Точно как ее мать, грустно подумала я. Воск в руках мужчины… Нет, это надо задавить в зародыше! Надо уважать себя. Мне для счастья не нужен мужчина. И вообще, да здравствует феминизм.
— Когда ты собираешься дать ей имя? — спросил папа.
— Только что дала, — сказала я. — Я назвала ее в честь бабушки.
— Замечательно! — просиял отец. — Привет, маленькая Нора, — ласково обратился он к розовому свертку.
Хелен, мама и я обменялись испуганными взглядами. Не та бабка!
— Послушай, пап, — смущенно призналась я, — я назвала ее Кейт.
— Но мою мать не звали Кейт. — озадаченно нахмурился он.
— Знаю, папа, — пробормотала я. (Господи, ну что за жизнь, одни ямы да ухабы!) Я назвала ее в честь бабушки Макуайер, а не бабушки Уолш.
— Вот как, — сказал он с заметной прохладцей.
— Но пусть ее второе имя будет Нора, — нашлась я.
— Ну нет! — возмутилась Хелен. — Назови ее как-нибудь покрасивее. Придумала! Назови ее Елена! Елена — это по-гречески Хелен.
— Тихо, Хелен, — остановила ее мама. — В конце концов, это девочка Клэр.
— Ты же всегда учила нас делиться игрушками, — надула губы Хелен.
— Кейт не игрушка, — вздохнула мама.
Нет, Хелен может достать кого угодно.
К счастью, моя сестрица не могла надолго сосредоточиться на чем-то одном, вот и сейчас она резко сменила тему:
— Пап, ты не подвезешь меня к Линде?
— Хелен, я не шофер, — обиженно ответил отец.
— Папа, я ведь не спрашиваю, чем ты зарабатываешь на жизнь. Я это и так знаю. Просто попросила подвезти, — резонно заметила Хелен.
— Нет, Хелен! Ты вполне можешь пойти пешком, черт побери! — воскликнул отец. — Честно, никак не могу понять, что случилось с молодежью. Лень, вот в чем дело. Когда я был…

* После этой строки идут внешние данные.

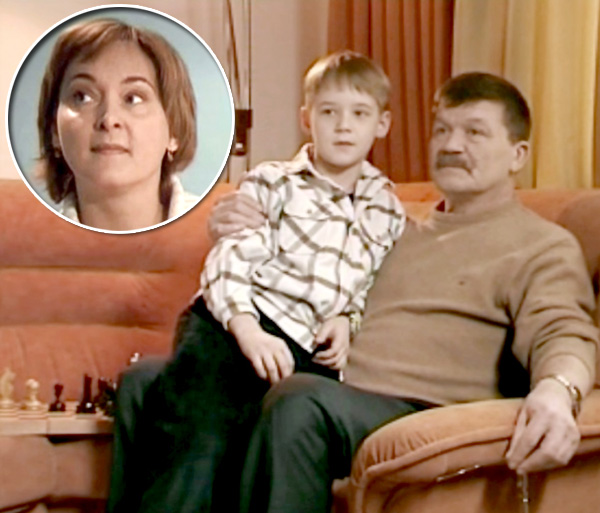 Никита со «вторым» дедом Георгием Николаенко в сериале «Кодекс чести». В круге его мама - Дарья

— Папа, — резко перебила его Хелен, —
Отец некоторое время в изнеможении смотрел на нее, потом рассмеялся.
— Да ладно, — сказал он, звякнув ключами от машины. — Пошли.
Он передал мне Кейт. Именно так, как и следует передавать ребенка.
— Доброй ночи, Кейт-Нора, — сказал он, с явным ударением на «Норе». Полагаю, он еще не совсем простил меня.
Папа с Хелен ушли. Мама и я с Кейт остались сидеть на кровати, наслаждаясь тишиной, наступившей после ухода Хелен.
— Ну вот, — промолвила я, — можешь сказать спасибо своей тете Хелен за первый урок правильного обращения с мужчиной. Надеюсь, ты последуешь ее примеру. Обращайся с ними, как с рабами, — и тогда, не сомневайся, они и вести себя станут как рабы.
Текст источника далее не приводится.